"Dance of the Infidels" is an account of jazz pianist Bud Powell ( 1924-66 ) written by his friend and onetime caretaker Francis Paudras. There are a number of reasons why it makes fascinating reading ( virtually mandatory for hardcore jazz fans ); prospective readers should, however, be aware the book focuses more on Powell's personality than it spends time detailing his groundbreaking role as bebop pioneer. Then again, given the notorious and shadowy caricature with which Powell *the legend* has been saddled ( helping to perpetuate his stigmatization, even posthumously ), the focus on Powell *the person* can only be counted a blessing. Above all, this reviewer was struck by their extraordinary friendship, all the more impressive considering the trying circumstances in which they often found themselves.
Paudras makes no attempt to render events in a self-consciously hip tone nor does he attempt to analyze Powell's music in theoretical terms. If occasionally he waxes effusive, he is far from slavishly uncritical or wedded to one particular party line concerning Powell's problems. For instance, while it is well known that the pianist suffered from a brutal beating he received ( from a policeman ) in 1945, which led to physical and mental breakdowns, Paudras also relates the strained relationship Powell had with an emotionally distant father, his marital/relationship strife, the barbaric treatment at the hands of doctors and various medical "professionals" ( administering shock treatments and dangerous drugs ) and from the very beginning of his career, the whole unsavory underworld ( gangsters, club owners and mercenary agents ) atmosphere in which he plied his trade.
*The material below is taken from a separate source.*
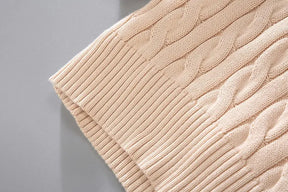 The Richmond | Men's Cable Knit Sweater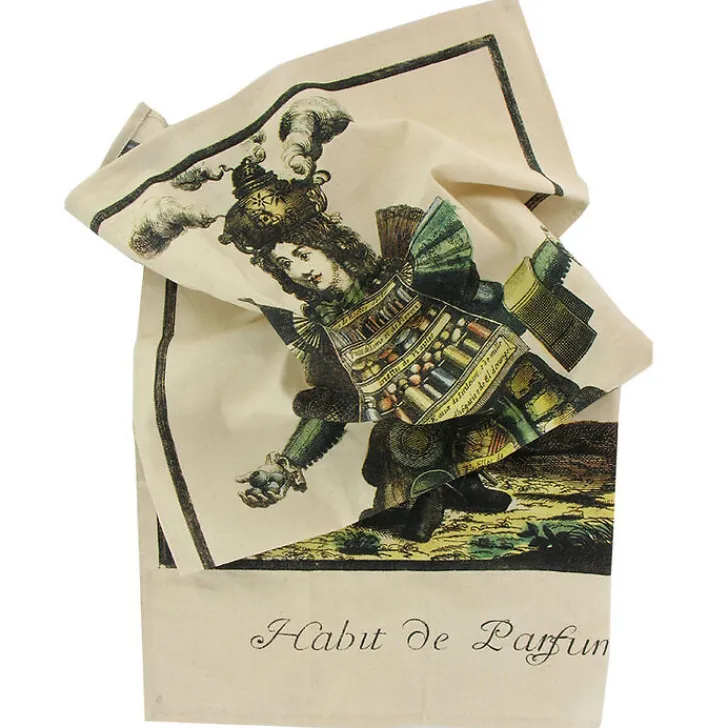 Boutiques de musées Art De La Table-Torchon Parfumeur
Trials and tribulations of this nature challenged the hardiest of men; for Bud Powell, unusually sensitive, they turned out to be nothing less than catastrophic. Powell, apart from playing music ( or getting drunk ), seemed to live most fully in the retreat of his mind, a remote and often haunted place. It was therefore no small measure of mercy that Paudras entered his life, first as a fan and later as friend ( "brother", as Powell himself referred to him towards the end ), allowing the older man to reveal himself ( in tones of poignant solemnity or raucous humor ) as he had to few others.
Another virtue: the author, no neophyte, is a diehard jazz fan who knows the music and its history quite well. His inside perspective, after years of living with Powell ( 1959-64), gives evidence of a certain smiling ( but never smug ) awareness of various myths and peculiarities propagated in the jazz subculture. From a purely musical point of view, he is quite convincing in defending Bud Powell from the received wisdom many critics regurgitate to this day; lionizing his output from 1947-53 while denigrating his later work. While the recordings from 47-53 do indeed remain the gold standard, listeners should, in evaluating his later output, rely on the only evidence that really counts, *recordings*; and in using them as criteria, Powell is often found in great form ( e.g., "Live at Lausanne", "Bouncin' with Bud', etc ). Furthermore, in asking for "consistency", critics overlook the fact that Powell, as much as any musician in jazz history, took risks. In the circumstances he found himself, Powell's digital equipment may have been less than reliable but the integrity of his expression ( ultimately what matters most in music ) never dimmed. Indeed, *no* musician played with more intensity than Bud Powell.
In the future, writers will focus more extensively on Bud Powell's music; fittingly so, for such a pioneering musician. But as far as Bud Powell *the person* is concerned, it is unlikely we will ever find an account more sympathetic or revealing than that rendered by his ( now deceased ) "brother", Francis Paudras.